Se o crime depende exclusivamente da "escolha", como a maioria esmagadora dos que "escolheram" o crime pertencem somente a um grupo? Se você acreditar que quem rouba, só "roubou por escolha própria", você vai chegar a conclusão que negros, de baixa escolaridade e jovens tem algum tipo de propensão nata a "escolher" o crime. Qualquer pessoa sã há de discordar. Nesse ponto que está o erro de percepção. Se a propensão é inata, ela é menos uma escolha e mais um fator causal, já que os que "escolheram" são bem homogêneos.

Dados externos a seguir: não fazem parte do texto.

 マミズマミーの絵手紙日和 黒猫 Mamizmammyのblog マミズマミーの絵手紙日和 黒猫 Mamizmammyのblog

Observando o cenário no macro, podemos facilmente chegar a conclusão que a desigualdade é causa da criminalidade e os negros estão na posição de vulneráveis.

Se o crime fosse somente uma "escolha", estatisticamente, os criminosos estariam divididos de maneira igual em todos os grupos da sociedade. E quem disse que não estão?

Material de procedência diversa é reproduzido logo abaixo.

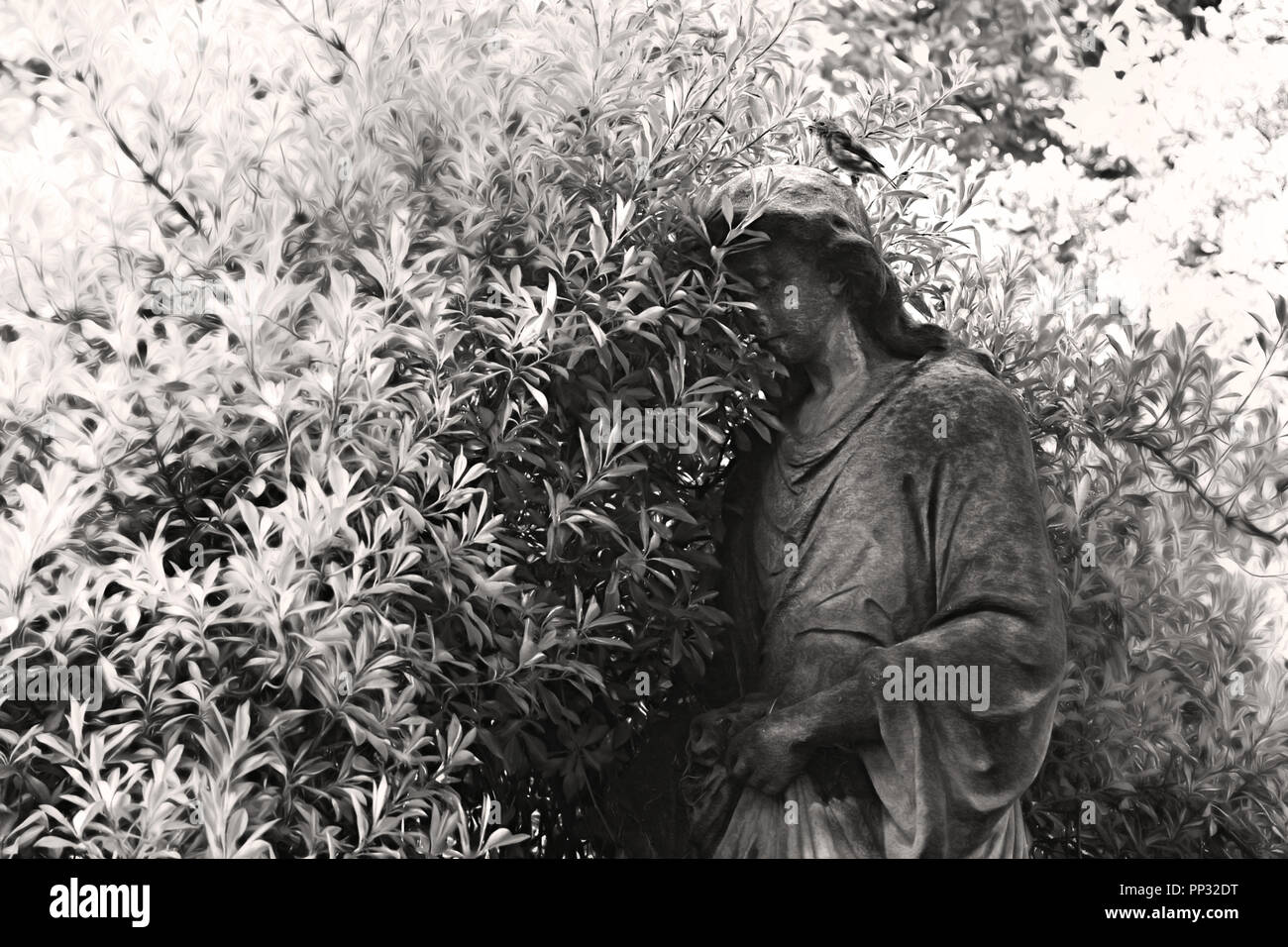 Statue von Engel und Gebüsch. Schwarz-weiß Foto. Vogel auf Engel Kopf. Stockfoto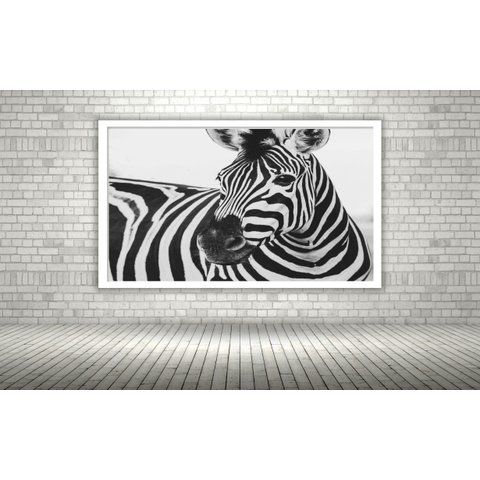 Quadro Decorativo Fotografia Zebra Preto e Branco - 70x50cm:moldura Branca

A população só faz isso, pois no Brasil ninguém vai preso e o crime fica impune

Impunidade e percepção de impunidade são coisas diferentes. O Brasil hoje tem o terceiro maior número de presos do mundo. Novamente segundo o InfoPen, houve um crescimento de 21,4% na população carcerária brasileira no período de 2008 a 2012. Ainda há impunidade? Muita. Mas ela está concentrada em setores que historicamente não vão presos.

Quando um empresário, médico, engenheiro, juíz [...] é preso, a notícia é publicada nacionalmente, dada a raridade do fato. Enquanto um jovem, negro e de baixa escolaridade não recebe ao menos uma notinha no canto da página. Se fossem dar nota para todos estes, faltaria jornal. A população acorrenta, lincha e mata o criminoso negro, jovem e de baixa escolaridade e justifica a selvageria com a impunidade que sente de outros setores. Para estes que são mortos, a justiça funciona muito mais (e cada vez mais, segundo dados) do que para aqueles que ao invés de acorrentar, o povo selvagem chama de "doutor".

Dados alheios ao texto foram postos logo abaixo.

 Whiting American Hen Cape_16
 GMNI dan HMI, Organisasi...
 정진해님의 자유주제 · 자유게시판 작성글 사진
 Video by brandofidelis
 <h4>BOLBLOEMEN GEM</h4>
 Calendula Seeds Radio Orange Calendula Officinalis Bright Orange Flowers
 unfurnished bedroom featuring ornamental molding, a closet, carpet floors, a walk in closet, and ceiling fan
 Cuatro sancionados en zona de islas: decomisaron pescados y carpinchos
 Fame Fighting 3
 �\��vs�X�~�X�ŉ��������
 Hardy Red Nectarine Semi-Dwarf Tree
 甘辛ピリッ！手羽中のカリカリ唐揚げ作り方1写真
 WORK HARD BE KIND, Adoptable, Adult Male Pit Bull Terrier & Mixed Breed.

A base da sociedade punindo a base da sociedade enquanto a elite observa

Não podemos inverter o valor e contar a história triste de vida do criminoso

Temos que contar essas histórias. Precisamos contar essas histórias. É necessário! Ser criminoso é uma condição. Ninguém "é" criminoso, a pessoa "está" criminosa. Cometer um crime não é algo nato. Ninguém nasce criminoso. Quando não contamos essas histórias, resumimos um ser humano a um pedaço dele. O efeito colateral disso, é acreditar que ele sempre foi criminoso, nasceu criminoso e sempre será criminoso, ao invés de ter cometido em um ponto da vida um ato criminoso.

Você gostaria que, no dia da sua graduação, somente a sua nota 2 de matemática da quinta série contasse como um exemplo irrefutável da sua capacidade de aprendizado? Na época daquele fato, você foi punido, fez recuperação, se habilitou e seguiu em frente. Não seria justo a expulsão perpétua do mundo escolar, quem dirá sem um julgamento. Você, como ser humano, tem a capacidade de aprender, mas foi punido pelo seu erro. Não contar a história completa é resumir aquele ser humano a um erro. É desumanizar. E todas as vezes que um grupo foi desumanizado na história, grandes atrocidades foram cometidas e geralmente com apoio, ou pelo menos omissão, dos que foram levados a acreditar que condições inatas eram natas.